Semakin lama obrolan makin asyik. Aku yang semula terserang kantuk menjadi
terjaga dan lebih segar. Guyon khas orang tua terus mengalir, dengan sesekali
mengurai nostalgia masa lalu. Mulai dari kehidupan saat remaja yang menggelitik,
kondisi daerah penajam dan sekitarnya pada waktu lampau, bahkan hingga mengarah
kepada kondisi politik terkini bangsa ini. Si sopir terkadang melirik kami di
belakang, dan sesekali meminta pendapat atau pandangan dari kami yang lebih
muda. Kami hanya mengiyakan saj tanpa mendebat untuk membuat percakapan terus
menarik. Orang tua berambut putih yang berada di samping si sopir terus
bertanya, bahkan cenderung agak ”provokatif”. Perpaduan yang komplit, si bapak
berkopiah terus bertanya tentang pengalaman hidup, dan si sopir tua menjawab
dengan penuh semangat, yang terkadang ditingkahi guyon yang membuat seisi mobil
tertawa terpingkal-pingkal.
Meski hanya sopir, ternyata si orang tua yang memiliki banyak anak ini
sukses menyekolahkan semua anaknya. Istrinya dibuatkan usaha untuk mencukupi
kebutuhan hidup. Usaha rental mobil. Secara ekonomi, kehidupan pak sopir ini
lebih dari cukup. Anak-anaknya memintanya untuk berhenti menjadi sopir. Tetapi harga
dirinya mengatakan lain. Ia ingin terus bekerja hingga pada saatnya nanti waktu
juga yang akan menghentikannya.
”Ada saatnya aku akan berhenti bekerja. Tenagaku tak akan selamanya kuat.

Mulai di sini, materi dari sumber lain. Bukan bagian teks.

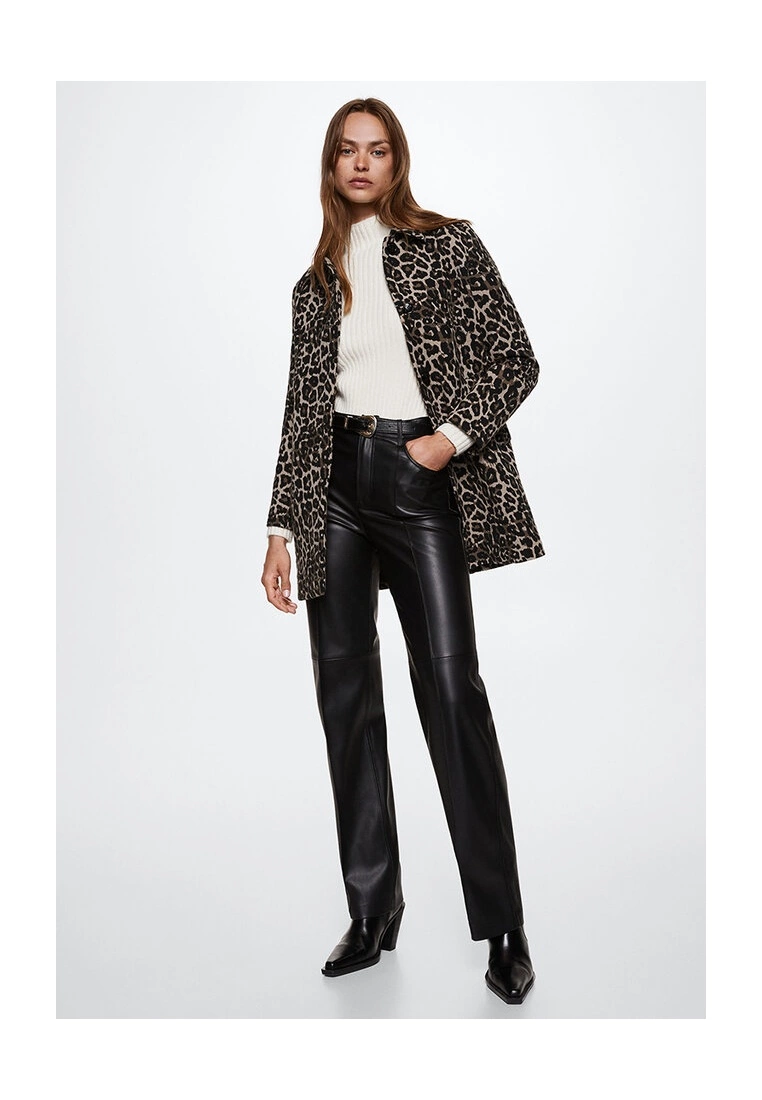 Mango Animal Print Coat 7 Mango Animal Print Coat - Image 5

Jika saat itu tiba, maka aku akan berhenti. Tak ada yang bisa melawan takdir.
Setiap orang akan terus bertambah menjadi tua, bukan sebaliknya. Apa yang aku
kerjakan saat ini untuk memberikan contoh kepada anak-anakku bahwa hidup itu
harus tetap diperjuangkan. Harus tetap diisi dengan kerja dan kegiatan positif”,
ucapnya panjang lebar saat ditanya mengapa masih tetap bekerja di usia setua
itu.
Ia menambahkan, ”menurut nabi, tangan di atas lebih baik daripada tangan di
bawah. Memberi lebih baik dari pada meminta. Meski anak-anak memberi dengan
ikhlas, tetapi hati kecilku yang tidak bisa menerima. Itu bukan pelajaran yang
baik bagi anak-anak. Aku melakukannya untuk menjadi pegangan bagi mereka agar
nanti jika mereka sudah tua masih tetap memegang prinsip hidup seperti yang aku
jalani. Jangan menggantungkan hidup pada orang lain, meski pada anak sendiri.
Kecuali jika kita sudah benar-benar tidak mampu”.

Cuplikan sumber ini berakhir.